AVAILABLE DATA
|---|
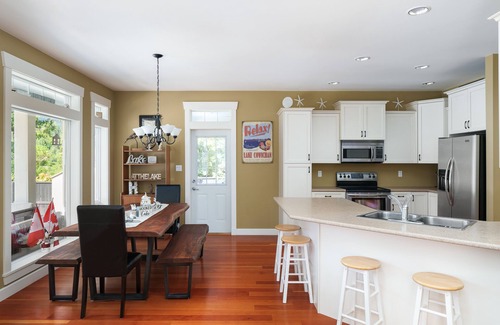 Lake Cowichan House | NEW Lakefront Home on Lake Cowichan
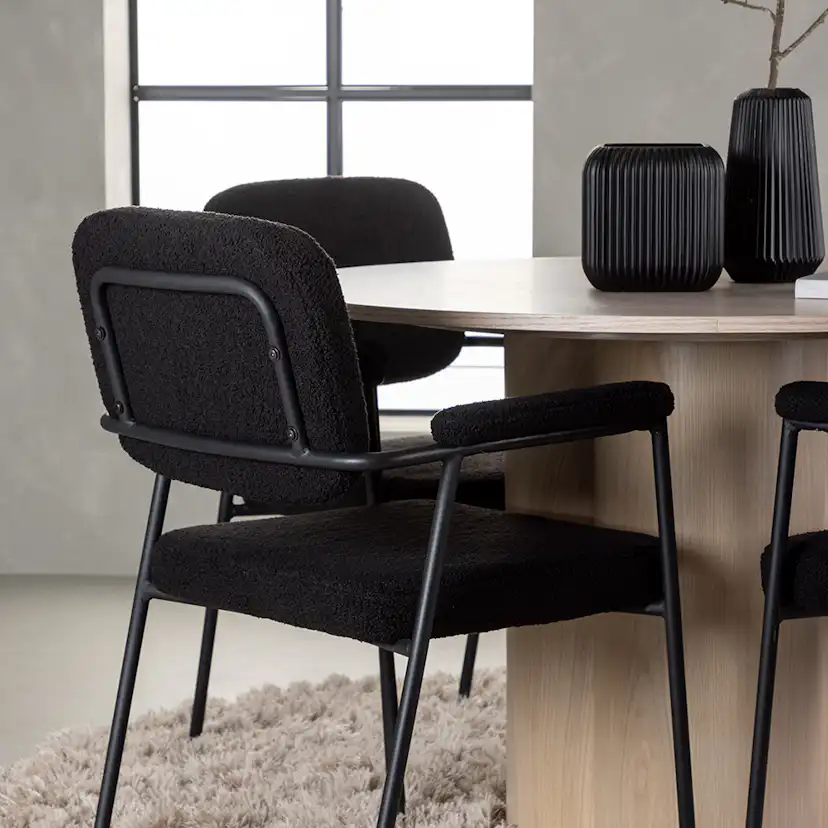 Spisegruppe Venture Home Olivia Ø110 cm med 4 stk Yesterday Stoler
|---|
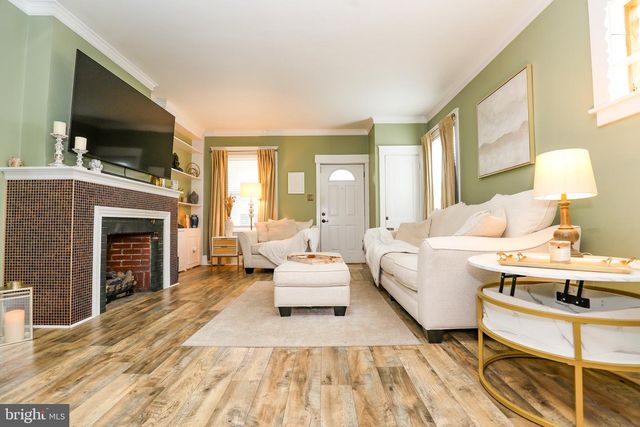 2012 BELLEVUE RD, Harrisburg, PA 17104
|---|
WHAT YOU WILL DO
In the records above, find the line with "Lake Cowichan House" and the line with "Spisegruppe Venture Home". Write out exactly those lines and every one between, with no pictures and no other lines.

SOLVED EXERCISE
 Lake Cowichan House | NEW Lakefront Home on Lake Cowichan
 Spisegruppe Venture Home Olivia Ø110 cm med 4 stk Yesterday Stoler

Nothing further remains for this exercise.